The only survivor of 24 Chinese naval officers, who participated in the Normandy D-Day landings 62 years ago, Huang Tingxin, received France's highest honor yesterday in recognition of his valor during World War II.
Jean-Marin Schuh, French consul general in Shanghai, traveled to the veteran's home in Hangzhou, capital of east China's Zhejiang Province, to present the award. Huang, 88, suffers from a heart complaint and Parkinson's disease.
A native of Anhui Province he graduated from a naval school in Qingdao, Shandong Province, in the late 1930s. In 1942, during the War of Resistance against Japanese Aggression (1937-45), Huang and 23 other naval officers, were chosen by the then Nationalist government to study at the Britannia Royal Naval College in Greenwich, Britain. They were then posted to fleets operating in different war theaters for internship in March 1944.
Huang served on aircraft carrier "Searcher" and part of his duties included keeping watch over the angle of the vessel on the sea and its position in the fleet formation. "It was no small task as the smooth landing and take-off of aircraft depended on the tilt of the carrier," Huang recalled in earlier interviews.
At midnight on June 5, 1944 the eve of D-Day his warship slipped her moorings in Belfast, Northern Ireland, and sailed south. It wasn't until the next morning that Huang and fellow seamen heard on the BBC that the allied forces had landed at Normandy.
"Only then did we know what our mission was that night," Huang said. "All of us were overjoyed at the news but we couldn't feel completely relieved until our escort mission ended." Huang also took part in the Toulon landing with French troops on August 15 the same year.
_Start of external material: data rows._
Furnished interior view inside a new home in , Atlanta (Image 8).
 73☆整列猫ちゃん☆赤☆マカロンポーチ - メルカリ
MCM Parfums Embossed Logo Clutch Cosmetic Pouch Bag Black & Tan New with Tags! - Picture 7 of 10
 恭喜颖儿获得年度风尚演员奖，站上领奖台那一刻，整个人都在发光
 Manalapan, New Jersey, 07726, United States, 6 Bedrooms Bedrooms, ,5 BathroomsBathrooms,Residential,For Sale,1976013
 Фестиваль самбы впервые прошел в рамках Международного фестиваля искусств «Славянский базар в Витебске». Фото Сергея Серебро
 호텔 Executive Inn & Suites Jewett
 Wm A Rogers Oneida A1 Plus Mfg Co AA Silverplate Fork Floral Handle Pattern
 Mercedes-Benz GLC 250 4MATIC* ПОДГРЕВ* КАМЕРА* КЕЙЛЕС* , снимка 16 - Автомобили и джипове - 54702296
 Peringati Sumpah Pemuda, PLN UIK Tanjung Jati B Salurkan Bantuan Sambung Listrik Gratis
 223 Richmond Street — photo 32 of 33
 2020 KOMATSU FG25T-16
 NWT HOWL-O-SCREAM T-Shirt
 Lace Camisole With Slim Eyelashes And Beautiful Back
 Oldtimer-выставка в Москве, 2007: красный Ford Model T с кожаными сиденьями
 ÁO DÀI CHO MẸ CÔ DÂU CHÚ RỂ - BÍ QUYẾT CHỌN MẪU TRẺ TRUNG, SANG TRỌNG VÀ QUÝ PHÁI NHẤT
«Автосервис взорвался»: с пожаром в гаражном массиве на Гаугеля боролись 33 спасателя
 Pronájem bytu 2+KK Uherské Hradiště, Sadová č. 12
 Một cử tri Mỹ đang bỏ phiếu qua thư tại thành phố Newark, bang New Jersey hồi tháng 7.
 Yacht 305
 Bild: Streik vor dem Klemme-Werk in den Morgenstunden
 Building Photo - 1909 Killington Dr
"We will never forget that you and other Chinese people stood with us shoulder-to-shoulder when France was facing the most difficult situation during the war," Schuh said in Chinese at the ceremony. "It is our responsibility to remember this forever," he added.
Huang's face lit up as Schuh presented him with the medal of the Legion d'Honneur which has been awarded to fewer than 200 Chinese. His family captured the moment on video cameras. The father of three made a short speech from his wheelchair while his nurse held an oxygen mask beside him.
"It was a great honor to join the anti-Nazi war," he said. "After more than 60 years I am still very proud about it."
"It (today's occasion) reminds me of other Chinese naval officers who took part in the operation," Huang added. "The honor is not only for me it belongs to all of them." The other 23 Chinese officers have died over the years.
Huang joined the Navy of the People's Liberation Army in 1949. He moved to Zhejiang in 1958 and taught English at Zhejiang Science and Technology University for seven years before retiring in 1971.